Exercise instructions:
Copy each line below exactly as it appears. Pictures are to be omitted.

Exercise data:
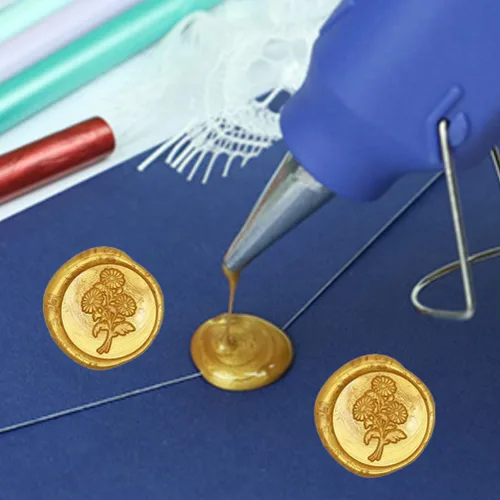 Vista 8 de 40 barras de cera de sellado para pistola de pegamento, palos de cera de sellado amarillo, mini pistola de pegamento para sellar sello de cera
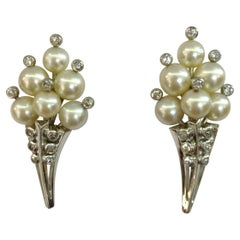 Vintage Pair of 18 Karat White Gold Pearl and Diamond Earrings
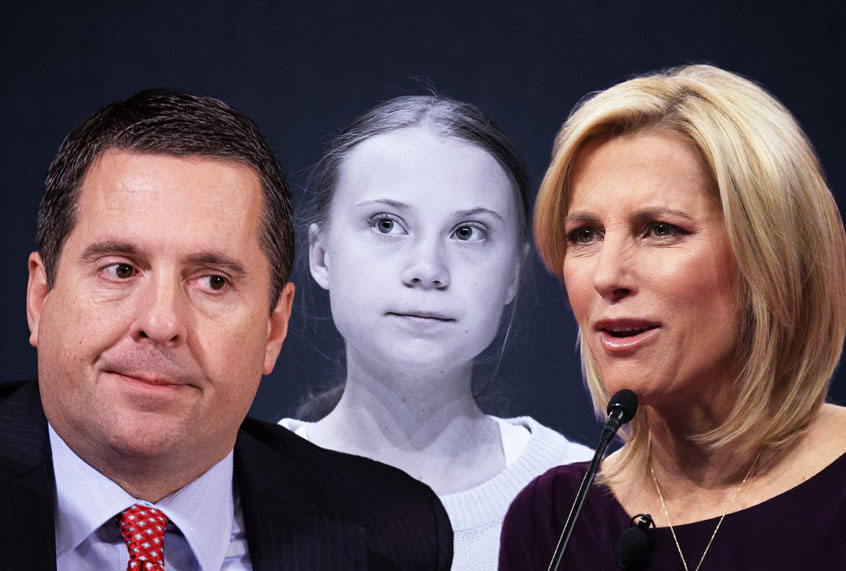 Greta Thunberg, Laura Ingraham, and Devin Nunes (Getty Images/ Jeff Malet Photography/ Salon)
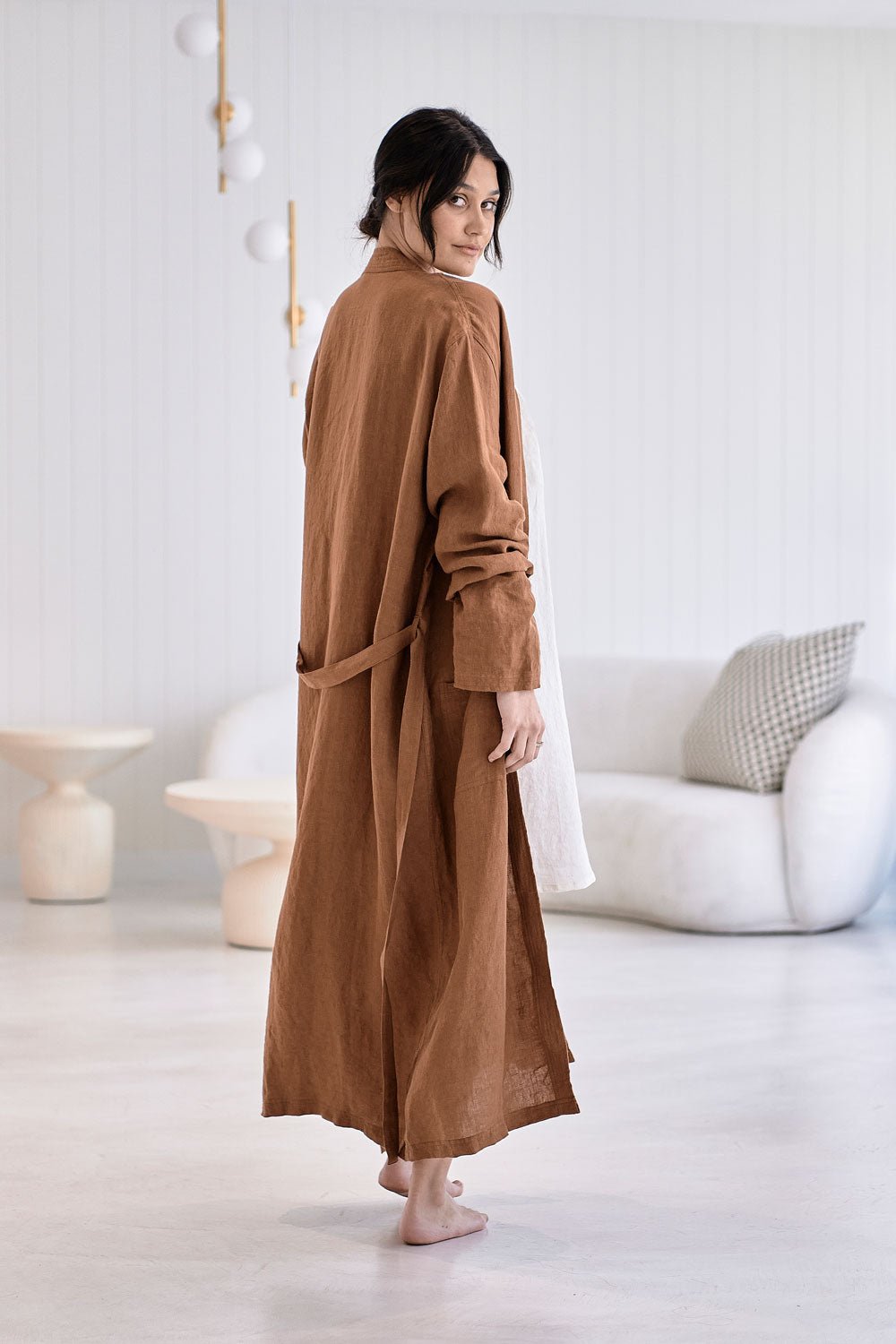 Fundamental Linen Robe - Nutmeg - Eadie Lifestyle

Reply:
 Vista 8 de 40 barras de cera de sellado para pistola de pegamento, palos de cera de sellado amarillo, mini pistola de pegamento para sellar sello de cera
 Vintage Pair of 18 Karat White Gold Pearl and Diamond Earrings
 Greta Thunberg, Laura Ingraham, and Devin Nunes (Getty Images/ Jeff Malet Photography/ Salon)
 Fundamental Linen Robe - Nutmeg - Eadie Lifestyle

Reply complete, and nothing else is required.